Kalau dalam bergaul mungkin bisa karena bergaul itu membawa keunikan jiwanya sendiri. Rasanya aku seperti si konservatif yang hidup dijaman maju. Dilema ini membuat aku malah terus berpikir dan berpikir lagi. Aku memang sesekali ingin menghentikannya untuk mencoba sesuatu yang lain dari diriku "selain berpikir dan terus berpikir".
"Kelemahan orang berpikir dan memutuskan secara cepat adalah "dia yang akan cepat kehilangan momentum", "tetapi kelebihanya itu ketika momentum itu buruk bagianya", "ia tidak terbawa jauh pada keburukan itu".
Memang sepertinya ini menjengkelkan, mengapa aku tidak bisa seperti mereka yang anteng-anteng saja hidupnya? hidup tanpa berpikir berjalan seadanya? Tanpa berpikir bagiku adalah kemewahan, tetapi anehnya tidak bisa aku dapatkan kebahagiaanku tanpa berpikir. Tanpa berpikir aku seperti kehilangan diriku sendiri, karena hanya mengikuti apa wajarnya hidup ini, bagiku ini sebagai ketidakwajaran itu sendiri.

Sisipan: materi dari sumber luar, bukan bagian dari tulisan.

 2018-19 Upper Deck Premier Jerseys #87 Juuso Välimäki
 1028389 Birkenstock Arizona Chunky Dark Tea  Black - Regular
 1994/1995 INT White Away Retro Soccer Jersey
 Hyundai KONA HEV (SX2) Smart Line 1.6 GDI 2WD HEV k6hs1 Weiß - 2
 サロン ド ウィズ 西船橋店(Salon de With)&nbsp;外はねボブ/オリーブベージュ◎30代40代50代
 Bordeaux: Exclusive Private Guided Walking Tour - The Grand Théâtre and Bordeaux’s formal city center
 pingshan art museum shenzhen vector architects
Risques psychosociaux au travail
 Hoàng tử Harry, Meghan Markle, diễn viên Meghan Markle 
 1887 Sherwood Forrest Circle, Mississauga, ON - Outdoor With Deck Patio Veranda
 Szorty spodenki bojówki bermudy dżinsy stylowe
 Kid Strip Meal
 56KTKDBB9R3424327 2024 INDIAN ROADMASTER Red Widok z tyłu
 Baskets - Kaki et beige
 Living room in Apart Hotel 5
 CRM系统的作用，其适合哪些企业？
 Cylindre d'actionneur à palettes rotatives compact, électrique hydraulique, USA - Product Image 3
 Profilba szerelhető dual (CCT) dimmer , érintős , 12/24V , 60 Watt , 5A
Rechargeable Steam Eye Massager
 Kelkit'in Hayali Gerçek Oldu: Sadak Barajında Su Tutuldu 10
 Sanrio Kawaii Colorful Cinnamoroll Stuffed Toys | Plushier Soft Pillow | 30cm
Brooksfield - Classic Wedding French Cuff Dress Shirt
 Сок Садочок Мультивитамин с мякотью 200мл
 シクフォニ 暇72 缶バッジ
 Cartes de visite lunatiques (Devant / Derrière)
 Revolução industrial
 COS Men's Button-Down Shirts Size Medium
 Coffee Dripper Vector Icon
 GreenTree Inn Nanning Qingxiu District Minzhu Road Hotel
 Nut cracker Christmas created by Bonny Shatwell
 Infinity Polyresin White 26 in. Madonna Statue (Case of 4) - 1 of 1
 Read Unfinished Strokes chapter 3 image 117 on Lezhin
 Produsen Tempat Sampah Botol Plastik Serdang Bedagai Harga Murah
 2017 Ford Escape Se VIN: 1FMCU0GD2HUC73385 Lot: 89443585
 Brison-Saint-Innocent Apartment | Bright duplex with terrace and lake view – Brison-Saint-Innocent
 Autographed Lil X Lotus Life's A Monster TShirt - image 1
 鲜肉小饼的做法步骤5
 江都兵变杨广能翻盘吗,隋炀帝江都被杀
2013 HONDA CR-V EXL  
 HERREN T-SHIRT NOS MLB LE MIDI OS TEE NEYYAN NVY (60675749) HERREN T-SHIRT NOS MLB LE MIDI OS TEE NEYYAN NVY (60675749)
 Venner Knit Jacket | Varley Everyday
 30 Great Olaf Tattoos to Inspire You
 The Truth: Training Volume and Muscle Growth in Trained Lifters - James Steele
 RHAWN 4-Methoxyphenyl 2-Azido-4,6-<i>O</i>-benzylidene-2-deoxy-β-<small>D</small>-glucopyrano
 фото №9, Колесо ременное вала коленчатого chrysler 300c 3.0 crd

Mungkin jiwaku memang jiwa pemikir, aku merasa terkesan ketika aku melihat sudut pandang baru dalam hidup ini. Tetapi aku sadar, sangat langkanya jiwa pemikir itu, sangat sulit aku menemukan kecocokan dengan jiwa-jiwa yang lain. Bahkan dengan sesuatu yang aku nanti yaitu cinta.
Hidup sebagai seorang pemikir memang berat, maka dari itu biarkan yang berpikir saja yang mikir. Prinsip ber-ideologi tidak selalu benar, keyakinanpun menjadi hal yang paling rancu untuk terus dijalani. Sepertinya kebenaran realistis adalah pendapat yang paling rasional untuk di iyakan saja tanpa bertanya kembali.
Menjadi sosial bukanlah menjadi diri sendiri yang idealis, bahkan kau harus terjatuh diatas orang-orang yang sedang berlari. Kehidupan sosial adalah kehidupan yang kompleks, lambat laun manusia harus menyadari itu. Ketika kau satu warna, kau harus bisa menjadi warna lain dalam suatu kehidupan yang lain.
Perbedaan adalah hal yang biasa, ketika berada dalam lingkungan sadar perbedaan. Tetapi apakah suatu posisi yang nyaman akan terus ditimpangi untuk terasa lebih nyaman lagi? Sepertinya itu tidak akan terjadi. Arah bukanlah bunga, adakalanya bunga-bunga itu mengejek untuk satu warna dengannya. Memang tidak akan ada kata lain selain menjadi personal "yang flexible". Tentunya ini sangat dibutuhkan untuk menjalani hidup ini.
Dunia adalah tempat yang sangat menilai perbedaan. Kau berbeda dan kau harus diseragamkan, itulah yang terjadi. Yang sadar sendiri memang tidak akan menjadi bebal, menyembah rasa terkadang memang sulit untuk dijalani, tetapi tanpa kepekaan rasa, "kitalah orang yang tidak umum berada disini". Sedikit-sedikit haruslah melebur bersama yang berbeda itu, meskipun tidak sama, namun sedikit harus ada jengkal untuk bisa sama untuk menjadi toleran.
Kepekaan rasa yang terlatih menjadikan seutuhnya diri manusia, sikap melebur, merendah, bahkan menjunjung untuk terus sepadan. Realita sepertinya tidak mengajarkan idealisme yang seterusnya akan dijunjung. Adakalanya ia harus lunak, bahkan melunak untuk bersosial dengan lebih baik. "Jadilah manusia yang melebur bersama warna-warna mereka dengan catatan, kontrol tetaplah ada pada diri kita sendiri, semau kita, senyaman kita dalam menjalaninya.